# Task brief
With pictures left out, return only the lines from the line containing "Vesper - Casale" through the end of the material below, both included.
Start of Data records
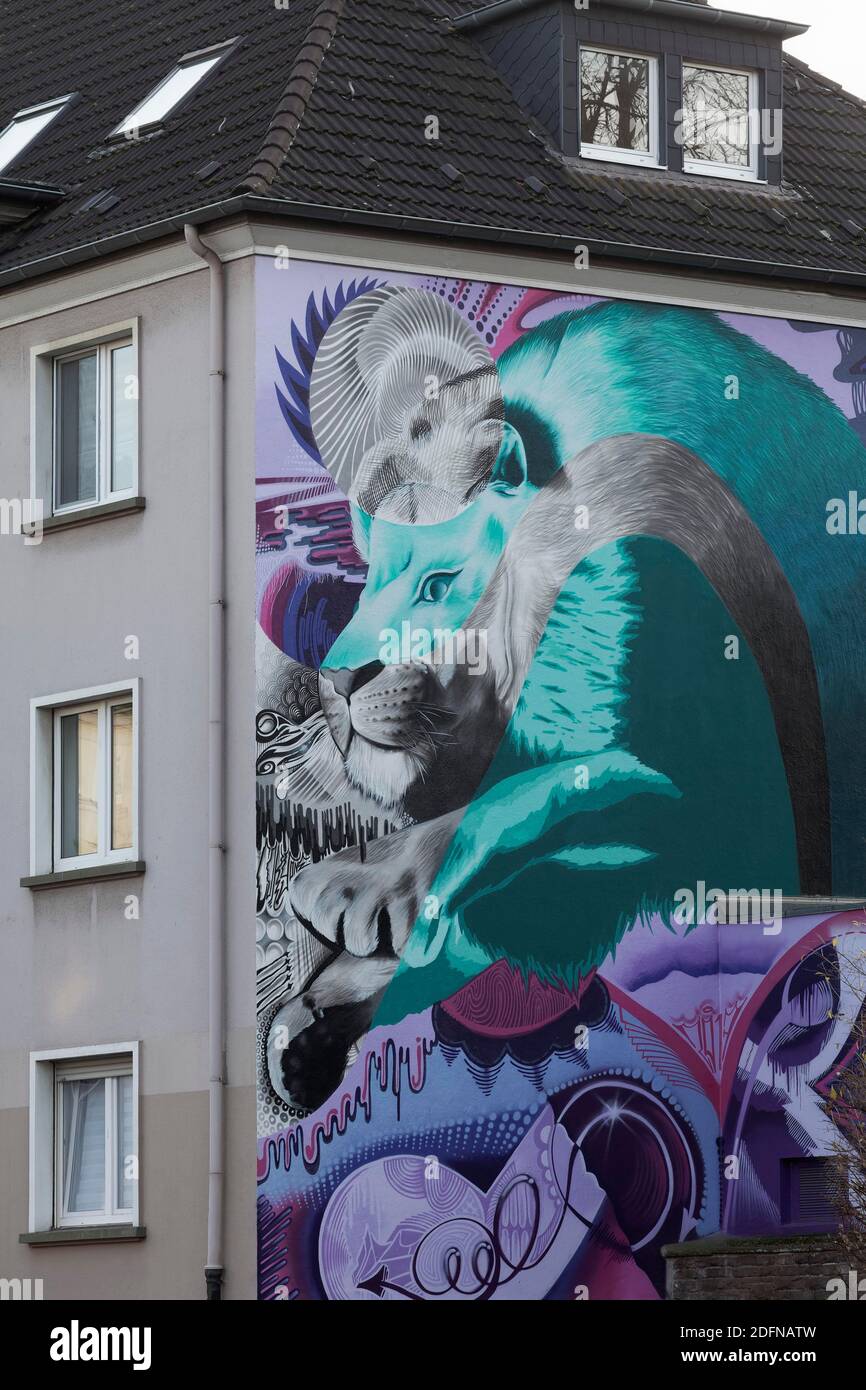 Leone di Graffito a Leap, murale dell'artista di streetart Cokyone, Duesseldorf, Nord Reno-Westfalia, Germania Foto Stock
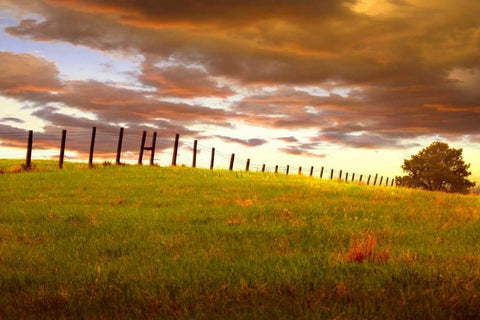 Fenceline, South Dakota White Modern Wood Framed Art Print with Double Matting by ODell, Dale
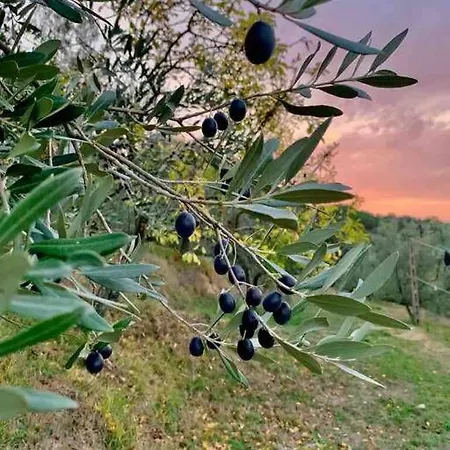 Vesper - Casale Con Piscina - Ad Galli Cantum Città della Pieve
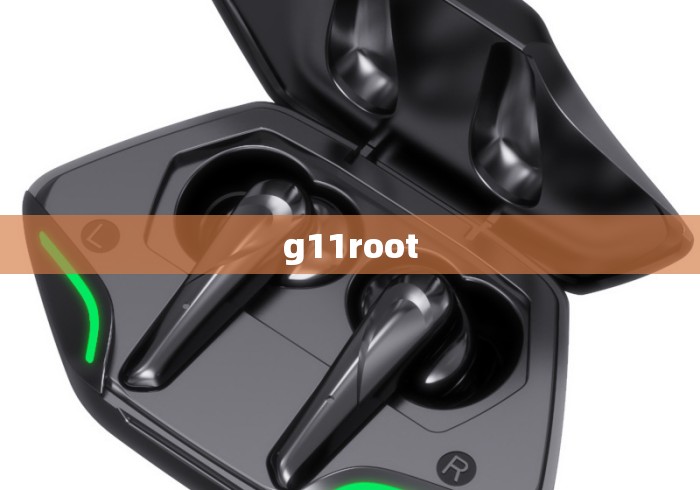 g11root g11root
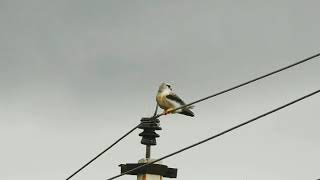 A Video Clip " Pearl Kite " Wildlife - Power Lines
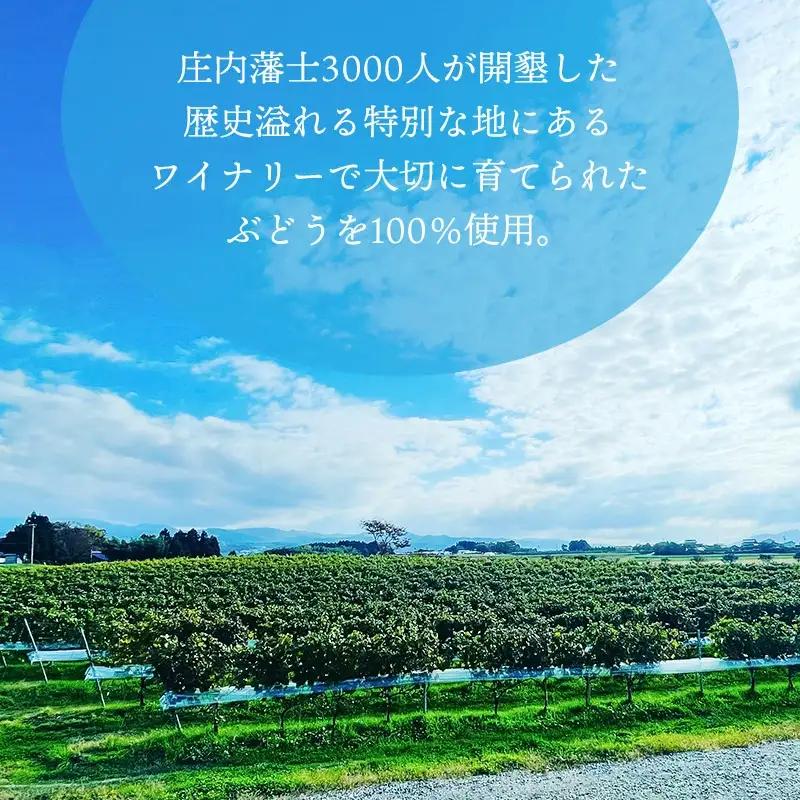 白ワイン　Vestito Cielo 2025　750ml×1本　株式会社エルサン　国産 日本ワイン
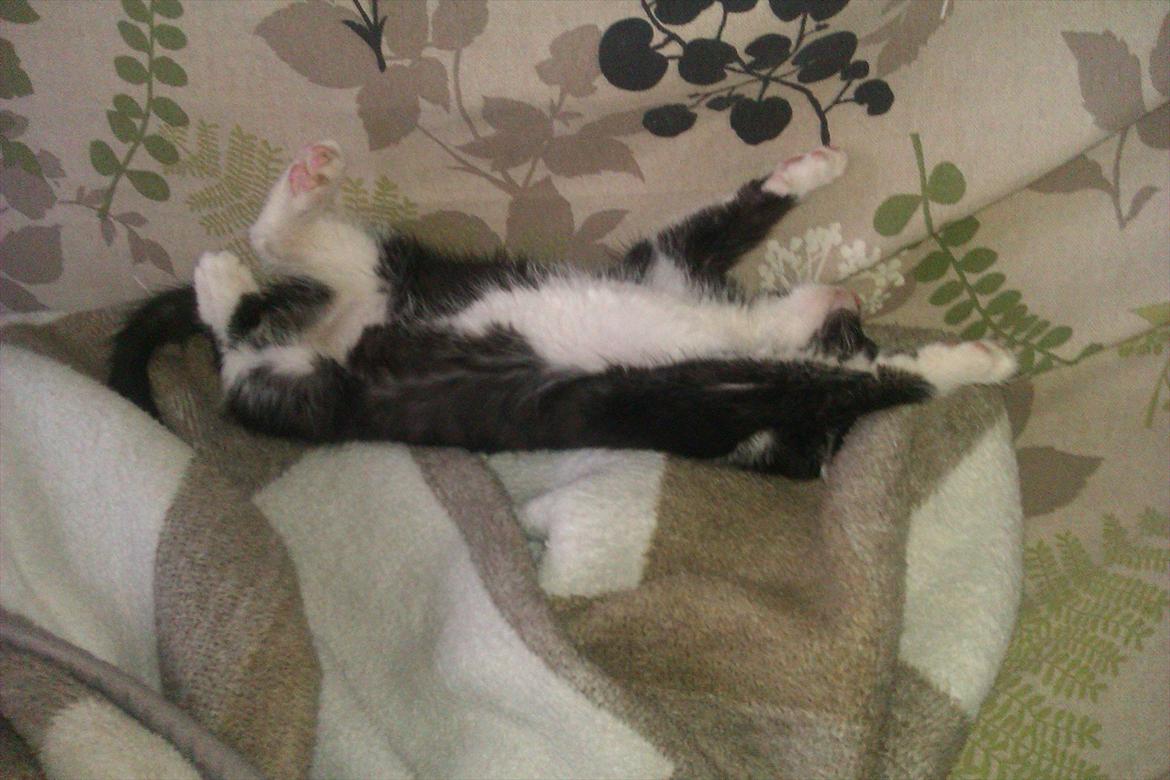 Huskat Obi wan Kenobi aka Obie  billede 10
End of Data records
# Exercise solution
 Vesper - Casale Con Piscina - Ad Galli Cantum Città della Pieve
 g11root g11root
 A Video Clip " Pearl Kite " Wildlife - Power Lines
 白ワイン　Vestito Cielo 2025　750ml×1本　株式会社エルサン　国産 日本ワイン
 Huskat Obi wan Kenobi aka Obie  billede 10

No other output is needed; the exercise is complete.